Nessuna schiarita sul fronte dei prezzi del petrolio: produzione stabile. Sul Gas Naturale pesa il fattore Russia. Per acciaio/alluminio c’è l’accordo sui dazi tra Stati Uniti e Unione Europea

 

GAS NATURALE: CALANO I PREZZI, RUSSIA SOTTO PRESSIONE

I dati in arrivo a mercato relativi al settore del gas naturale evidenziano alcuni elementi ben precisi, ovvero produzione e scorte in aumento e domanda inferiore alle attese: questo mix di elementi si è tradotto in un calo delle quotazioni del gas sia sulla piazza statunitense che su quella europea.

La U.S. Energy Information Administration (EIA) ha dichiarato un aumento delle scorte in linea con le attese degli analisti e nettamente al di sopra dell’aumento del prodotto stoccato registrato nel corso dell’anno passato in questo stesso periodo.

La contrazione dei prezzi si mostra ancora più marcata sulla piazza europea, complici le notizie in arrivo dalla Russia, che vedono Mosca pronta a inviare flussi di gas aggiuntivi in vista dell’inverno.

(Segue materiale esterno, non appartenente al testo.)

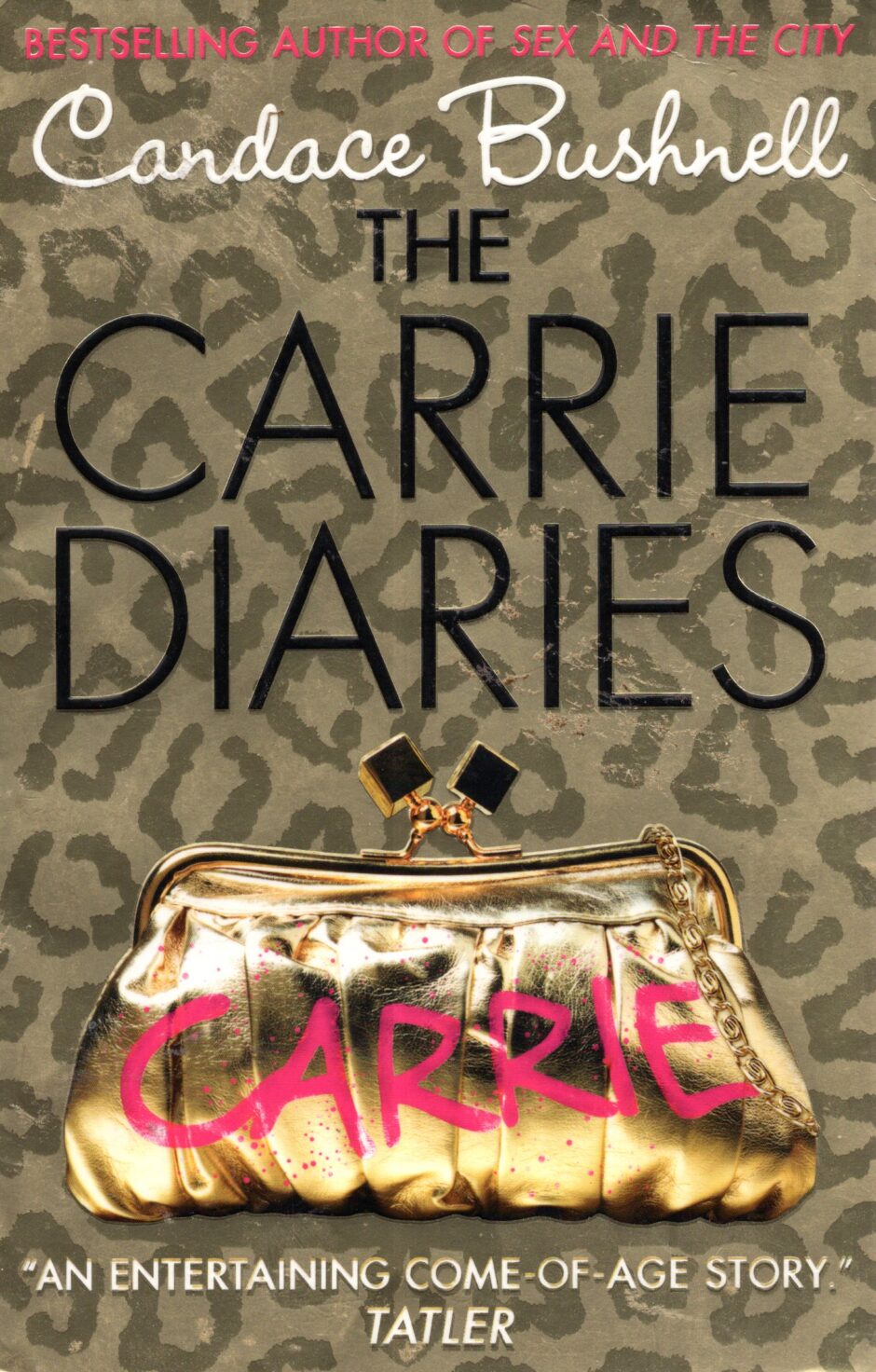 The Carrie Diaries - Bushnell po angielsku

Scendendo nel dettaglio, il Presidente russo, Vladimir Putin avrebbe ordinato al colosso Gazprom di iniziare a pompare quantità maggiori di gas nei siti di stoccaggio europei non appena terminato il processo di ricostruzione delle scorte del Cremlino: un obiettivo che dovrebbe essere conseguito entro l’8 novembre 2021.

La Russia gioca, quindi, un ruolo fondamentale nel settore del gas europeo; tuttavia, il suo enorme peso potrebbe decisamente diminuire se il mercato non considerasse più Mosca come un fornitore affidabile.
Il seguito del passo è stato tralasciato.